Thursday, August 21, 2008

Helping the single mothers

I have a heart for single parents. When I was first approached by the spokesperson for these single mothers of my constituency, I was told that they have been given free health check in Kuala Lumpur but was having difficulty coordinating transport to ferry them there. I thought of how the local council could assist these less fortunate ones and I gave a call to Dato' YDP of MPSJ. He arranged for the MPSJ bus to take these single mothers to do their free health check.
I was there to meet the single mothers and to send them off. Very recently I met a young lady from USJ, she's only a year older than me and she has been diagnosed with breast cancer. Both her parents are no longer around, she's very much an orphan and is still single. Kanser Network (KanWork) is assisting her. She sat in front of me and asked me what would life be like for her after chemotherapy. I have lost loved ones to cancer and I can understand her concerns.
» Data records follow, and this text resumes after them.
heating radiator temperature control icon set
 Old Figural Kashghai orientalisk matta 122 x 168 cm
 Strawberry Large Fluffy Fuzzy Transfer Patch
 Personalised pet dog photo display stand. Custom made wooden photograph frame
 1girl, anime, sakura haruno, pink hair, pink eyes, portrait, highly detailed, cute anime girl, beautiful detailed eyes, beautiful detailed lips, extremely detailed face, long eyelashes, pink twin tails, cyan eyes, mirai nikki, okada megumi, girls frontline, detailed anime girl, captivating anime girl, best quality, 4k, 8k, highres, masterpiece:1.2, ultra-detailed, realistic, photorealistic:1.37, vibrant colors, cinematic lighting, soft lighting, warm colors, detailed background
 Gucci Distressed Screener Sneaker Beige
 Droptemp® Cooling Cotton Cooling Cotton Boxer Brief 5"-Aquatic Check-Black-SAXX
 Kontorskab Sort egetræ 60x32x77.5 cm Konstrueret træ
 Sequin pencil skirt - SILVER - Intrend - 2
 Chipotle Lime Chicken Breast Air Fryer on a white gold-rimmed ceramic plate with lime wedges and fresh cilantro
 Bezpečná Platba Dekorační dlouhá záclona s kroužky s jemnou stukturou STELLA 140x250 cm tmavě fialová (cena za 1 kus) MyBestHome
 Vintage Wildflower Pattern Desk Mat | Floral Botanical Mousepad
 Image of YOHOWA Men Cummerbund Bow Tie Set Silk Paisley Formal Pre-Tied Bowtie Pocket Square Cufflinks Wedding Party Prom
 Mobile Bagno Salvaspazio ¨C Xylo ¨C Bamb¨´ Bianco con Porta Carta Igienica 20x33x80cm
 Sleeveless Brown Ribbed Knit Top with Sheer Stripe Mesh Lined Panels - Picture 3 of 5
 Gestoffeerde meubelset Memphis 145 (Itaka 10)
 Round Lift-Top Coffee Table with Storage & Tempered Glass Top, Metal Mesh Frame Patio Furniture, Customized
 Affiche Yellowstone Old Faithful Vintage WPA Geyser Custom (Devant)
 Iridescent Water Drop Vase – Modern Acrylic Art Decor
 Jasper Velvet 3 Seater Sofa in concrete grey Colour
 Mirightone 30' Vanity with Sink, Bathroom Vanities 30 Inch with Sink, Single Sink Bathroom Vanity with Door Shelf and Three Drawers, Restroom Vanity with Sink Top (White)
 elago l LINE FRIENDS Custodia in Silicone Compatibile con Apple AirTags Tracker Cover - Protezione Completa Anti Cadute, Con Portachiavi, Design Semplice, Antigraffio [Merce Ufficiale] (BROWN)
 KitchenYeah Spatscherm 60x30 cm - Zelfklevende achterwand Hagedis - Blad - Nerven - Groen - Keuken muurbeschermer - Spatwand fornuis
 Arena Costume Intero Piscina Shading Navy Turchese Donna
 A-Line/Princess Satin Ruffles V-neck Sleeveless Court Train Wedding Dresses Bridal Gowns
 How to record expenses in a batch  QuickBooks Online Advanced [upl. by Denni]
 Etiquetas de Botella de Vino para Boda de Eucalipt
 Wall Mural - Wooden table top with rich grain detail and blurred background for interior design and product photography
Diseases discriminate no one. We must never forget to help or take along the less fortunate ones as we move society forward.


solidleong said...

How touching hannah. BTW there are many more out there waiting for someone like you to care for them. Maybe you can distribute leaflets at strategic places for easy access. Not many of these single mothers can afford internet facilities. All the way please...

myvoice said...

There are still many ways to help those single mothers, why not propose to Kerajaan Negeri Selangor to provide monetary help as well. The least it can help to reduce their daily burden and help to provide better living.

Anonymous said...

We have to keep promoting awareness of what Good Governance is all about until it becomes a reality in our beloved Malaysia.


Universal principles of good governance and rule of law .....

Can we learn from the Iraqi experience???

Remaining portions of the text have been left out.